Unter Bedachtnahme auf die schwerwiegende Gefährdung der öffentlichen Ordnung und Sicherheit, welche von Hehlereidelikten ausgehe, sowie angesichts des (schon erwähnten) Umstandes, dass das Delikt der Hehlerei wiederholt und üblicherweise im bewussten und gewollten Zusammenwirken mehrerer Personen begangen werden, erscheine - so die belangte Behörde abschließend - die Festsetzung der Dauer des Aufenthaltsverbotes im Ausmaß von zehn Jahren durchaus angemessen, weil mit dem Wegfall der durch § 36 FrG angesprochenen Gefährdung nicht früher gerechnet werden könne.
Gegen diesen Bescheid richtet sich die vorliegende Beschwerde, über die der Verwaltungsgerichtshof erwogen hat:
Gemäß § 36 Abs. 1 FrG kann gegen einen Fremden ein Aufenthaltsverbot erlassen werden, wenn auf Grund bestimmter Tatsachen die Annahme gerechtfertigt ist, dass sein Aufenthalt die öffentliche Ruhe, Ordnung und Sicherheit gefährdet (Z 1) oder anderen im Art. 8 Abs. 2 EMRK genannten öffentlichen Interessen zuwiderläuft (Z 2). Als bestimmte Tatsache im Sinne des Abs. 1 hat insbesondere zu gelten, wenn ein Fremder von einem inländischen Gericht zu einer teilbedingt nachgesehenen Freiheitsstrafe rechtskräftig verurteilt worden ist (§ 36 Abs. 2 Z 1 zweiter Fall FrG).

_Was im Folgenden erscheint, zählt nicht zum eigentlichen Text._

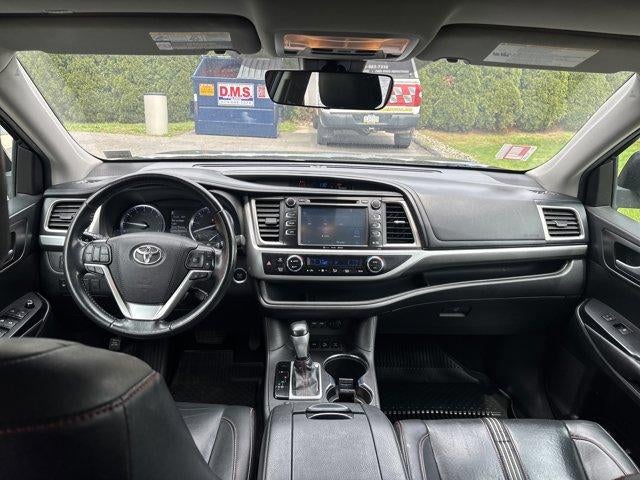 2019 Toyota Highlander SE V6 AWD (Natl)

Die Beschwerde bestreitet nicht die - auch vom Verwaltungsgerichtshof nicht zu beanstandende - Annahme der belangten Behörde, im Hinblick auf die erwähnte rechtskräftige Verurteilung sei der zitierte Tatbestand des § 36 Abs. 2 FrG erfüllt. Der Beschwerdeführer führt jedoch ins Treffen, es handle sich um seinen ersten Verstoß gegen die Rechtsordnung und er habe bei seinem "allerersten Kontakt mit einem Gericht eine zweimonatige Haft zu verbüßen gehabt". Der dadurch bewirkte Abschreckungseffekt sei so groß, dass er weitere strafbare Handlungen schon deshalb nicht mehr begehen würde.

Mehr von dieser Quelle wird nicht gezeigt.